Credibility of Accused and Need for Careful scrutiny

  1. The judge, prosecution and defence also must not suggest that the accused’s evidence is less credible, or requires more careful scrutiny, because any person who is on trial has an interest in the outcome of that trial (Jury Directions Act 2015 s44H(b), as amended in 2017).

  2. This is consistent with common law principles, which held that it was impermissible for a judge to single out the accused as a person whose evidence required greater scrutiny for no reason other than that he or she was the accused. Such a direction had the effect of treating the accused as a class of suspect witness like an accomplice (see Robinson v R (No 2) (1991) 180 CLR 531; Hargraves & Stoten v R (2011) 245 CLR 257; R v Stafford (1993) 67 ALJR 510; R v Ramey (1994) 68 ALJR 917; R v Osland [1998] 2 VR 636).

  3. Under common law, it was permissible for the accused to be listed as one of a number of witnesses whose evidence must be carefully examined due to its importance in deciding the issues in the trial.

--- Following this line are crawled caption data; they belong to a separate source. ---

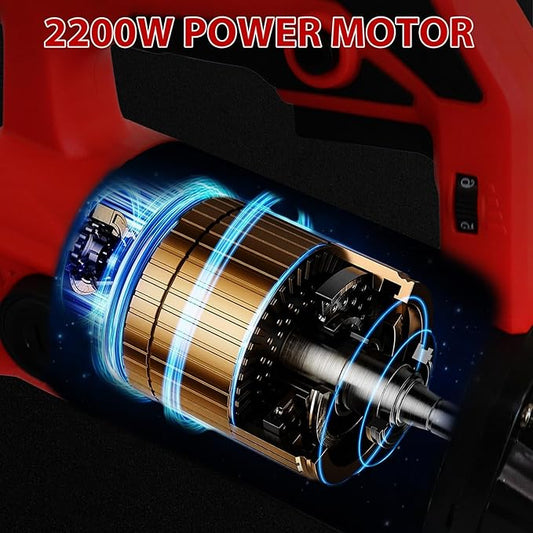7 Inch Concrete Grinder, 2200W Motor 2200-6600RPM 6-Speed Adjustable Angle Grinder with Dust Shroud, 90° Floor Grinder Kit, Diamond Wheel & Auxiliary Handles for Wall & Floor
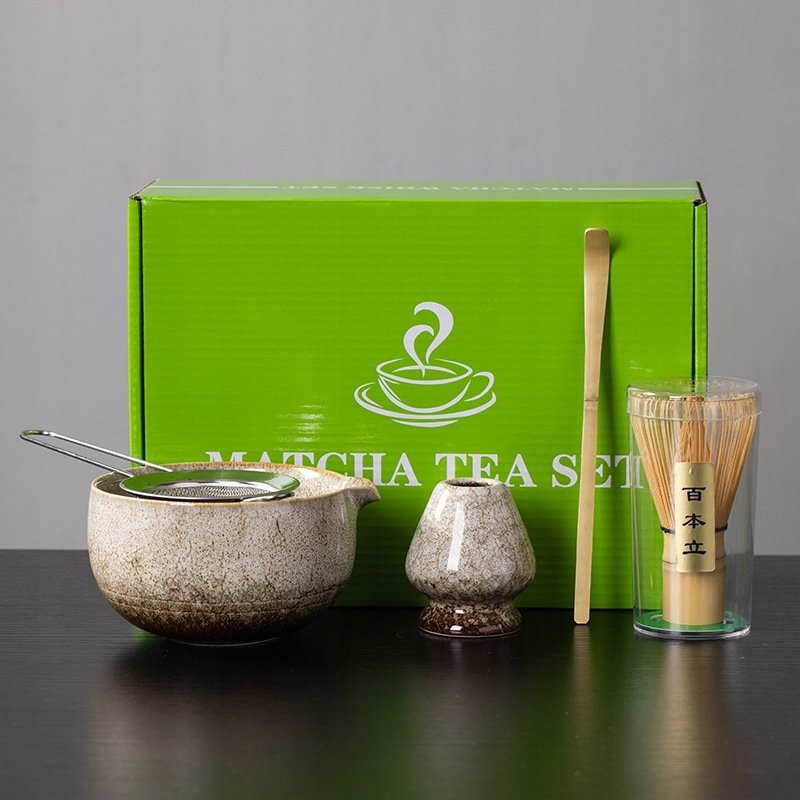 Zestaw prezentowy do herbaty matcha czarka miotełka podstawka łyżeczka biel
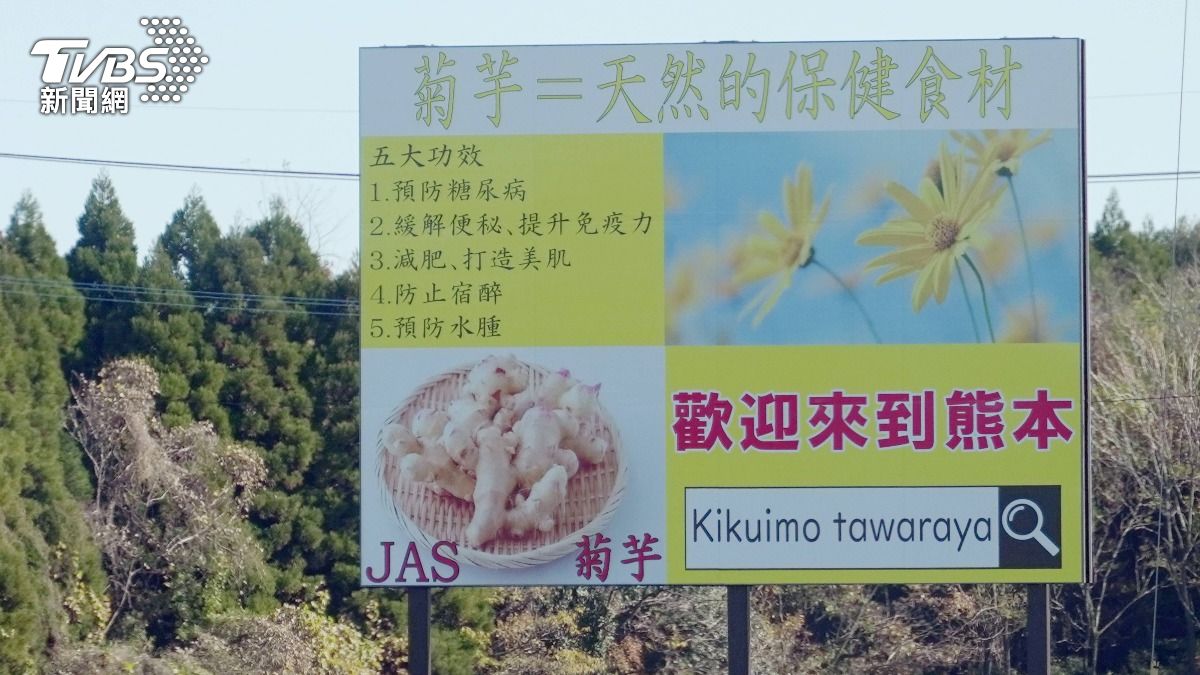 通往熊本台積電路邊的廣告看板，也以繁體中文宣傳。（圖／羅佳蓉攝）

Such an approach did not undermine the presumption of innocence and was not prejudicial to the accused, as it placed the accused’s evidence in the same category as the evidence given by all other crucial witnesses (Martinez v Western Australia (2007) 172 A Crim R 389). The issue has not yet been considered in relation to Jury Directions Act 2015 s44H.

  4. At common law, the judge could tell the jury to “carefully consider” an issue that has arisen in the trial, even if the accused is the only witness who has given evidence about that issue, as long as the warning attaches to the issue itself, rather than the fact that it is the accused who has given evidence about that issue (R v Goodman [2007] VSCA 25; R v Franco (2006) 168 A Crim R 322).

  5. While it has not been decided, it appears likely that Jury Directions Act s44H(b) operates in the same manner as the common law prohibition. As such, it does not prevent directions about the need for scrutiny based on the importance of evidence on an issue. As at common law, it is likely that the provision only prohibits directions which state that there is a need for scrutiny of the accused because of his or her status as an accused.

Joint Trials

  1. In trials of two or more accused, the judge must carefully consider the competing demands of justice, especially where one accused gives evidence and another accused stands mute (R v Webb (1994) 181 CLR 41).

  2. At common law, it was suggested that the judge might:

  1. Under the Jury Directions Act 2015, as amended in 2017, the judge will need to consider whether the statutory directions in s44I(2) pose any risk of prejudice to an accused who stands mute. The judge should invite submissions from both parties about whether any directions need to be modified to ensure fairness to both accused.

  2. The judge should also take into account Jury Directions Act 2015 s42, which prohibits the judge, prosecution and defence counsel from suggesting that, because an accused did not give evidence, the jury may conclude that the accused is guilty or is more likely to be guilty, or would not have given evidence that would have assisted his or her case. See Defence Failure to Call Witnesses for further information.

  3. Particular care must also be taken in relation to accomplice warnings. See Unreliable Evidence and Criminally Concerned Witness Warnings for further information.

1 This document was last updated on 1 October 2017.